Merwane Benlazar ( photo France Inter)
Merwane Benlazar ( photo France Inter)
À Rouen, une émission de service public a transformé une église en scène de dérision de très mauvais gout , où l’insulte devient divertissement, l’ignorance alibi, et la profanation posture revendiquée

Ce qui s’est produit à Rouen, au sein de la Chapelle Corneille, dépasse largement le cadre d’une simple émission de radio ou d’un divertissement prétendument culturel. Il y a une semaine, France Inter, avec son émission Zoom Zoom, est venue s’installer dans ce lieu. Et ce qui aurait pu passer pour une maladresse s’est transformé en tribune idéologique, mais surtout en diatribe humiliante à l’égard des chrétiens.Avant même que le stand-up ne commence, le terrain est balisé. Une chronique s’ouvre sur un fond de musique religieuse, tandis que l’animateur brocarde le « Père, le Fils et le Saint-Esprit ». Le procédé est connu : le sacré est convoqué non pour être compris, encore moins respecté, mais pour être tourné en dérision.

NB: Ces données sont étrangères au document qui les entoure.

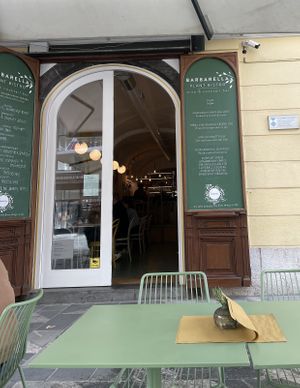   at Barbarella PLANT Bistro in Ljubljana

Dans cette mécanique bien huilée, « l’autre camp », celui qui n’adhère pas à une certaine idéologie dominante, est implicitement désigné comme suspect, archaïque, voire « facho ». La caricature remplace le débat, l’anathème tient lieu d’argument.Dans ce schéma, l’église n’est pas un décor neutre. Elle devient un outil symbolique, un espace choisi précisément pour signifier que ce qui fut sacré peut désormais être moqué sans retenue. L’attaque n’est donc pas seulement religieuse, elle est culturelle et idéologique. Elle vise le christianisme, mais aussi tous ceux qui refusent l’injonction permanente à rire de ce qui les fonde.

C’est dans ce contexte que le « stand-up » de Merwane Benlazar prend tout son sens. Il ne s’agit pas d’une improvisation innocente, mais d’une mise en scène calculée. L’humoriste se projette explicitement à la place du prêtre, non pas dans une salle quelconque, mais « dans une cathédrale », revendiquant un fantasme ancien :
« Moi, à la place du prêtre dans une cathédrale, moi j’ai rêvé de ça toute ma vie les gars, faire le prêche dans une église. »Puis vient l’argument censé tout absoudre : « Après on m’a dit qu’elle était désacralisée. Je ne sais même pas ce que c’est, désacralisée. Désacralisée pour qui ? Je n’ai pas demandé ce que ça voulait dire, désacralisée. »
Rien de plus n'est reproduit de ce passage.